Fragile X syndrome, the most commonly known genetic cause of autism, is due to loss of the fragile X mental retardation protein, which regulates signal transduction at metabotropic glutamate receptor-5 in the brain. Fragile X mental retardation protein deletion in mice enhances metabotropic glutamate receptor-5-dependent long-term depression in the hippocampus and cerebellum. Here we show that a distinct type of metabotropic glutamate receptor-5-dependent long-term depression at excitatory synapses of the ventral striatum and prefrontal cortex, which is mediated by the endocannabinoid 2-arachidonoyl-sn-glycerol, is absent in fragile X mental retardation protein-null mice.

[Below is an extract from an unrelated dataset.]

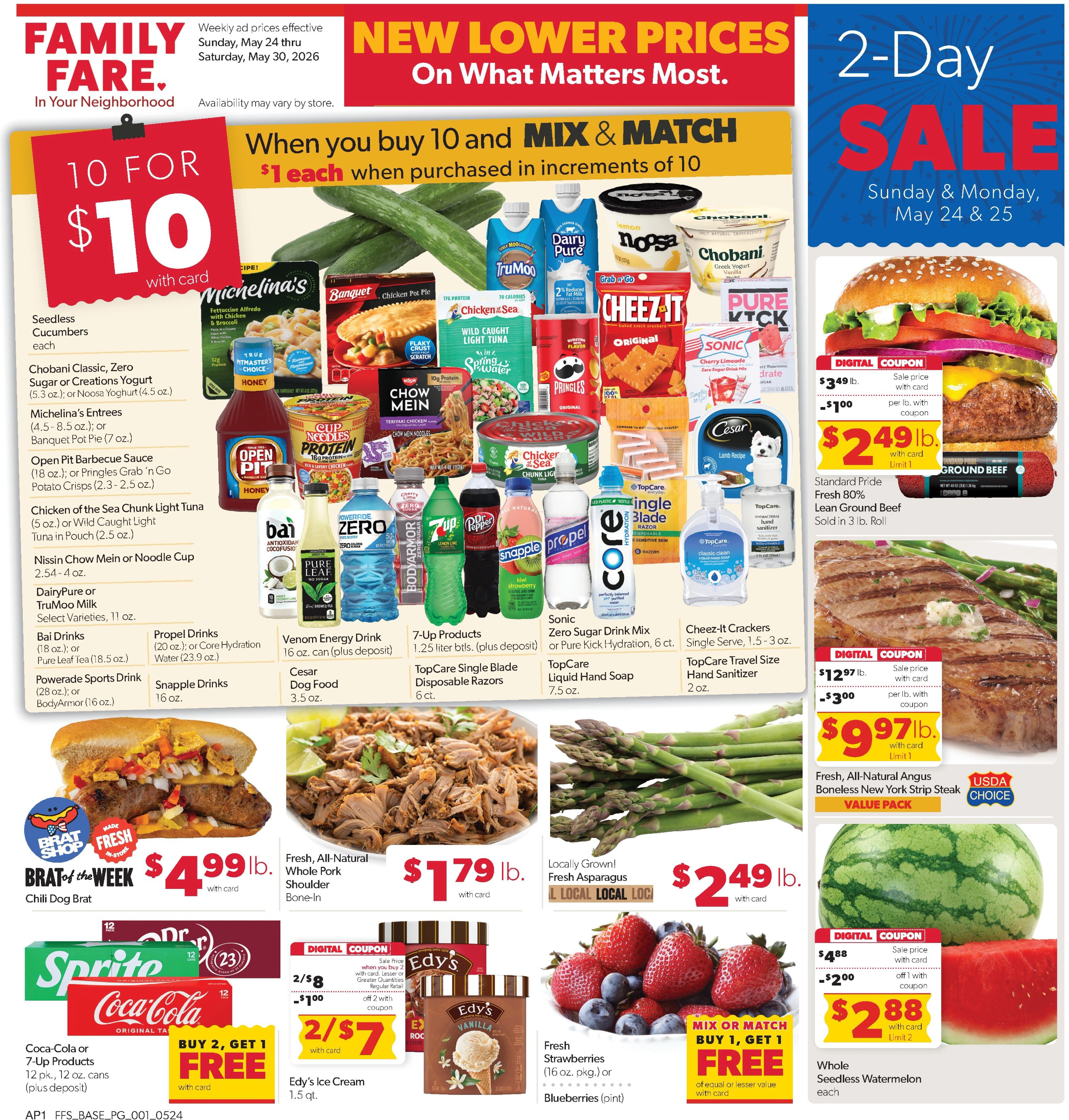 Current Ad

In these mutants, the macromolecular complex that links metabotropic glutamate receptor-5 to the 2-arachidonoyl-sn-glycerol-producing enzyme, diacylglycerol lipase-α (endocannabinoid signalosome), is disrupted and metabotropic glutamate receptor-5-dependent 2-arachidonoyl-sn-glycerol formation is compromised. These changes are accompanied by impaired endocannabinoid-dependent long-term depression. Pharmacological enhancement of 2-arachidonoyl-sn-glycerol signalling normalizes this synaptic defect and corrects behavioural abnormalities in fragile X mental retardation protein-deficient mice. The results identify the endocannabinoid signalosome as a molecular substrate for fragile X syndrome, which might be targeted by therapy.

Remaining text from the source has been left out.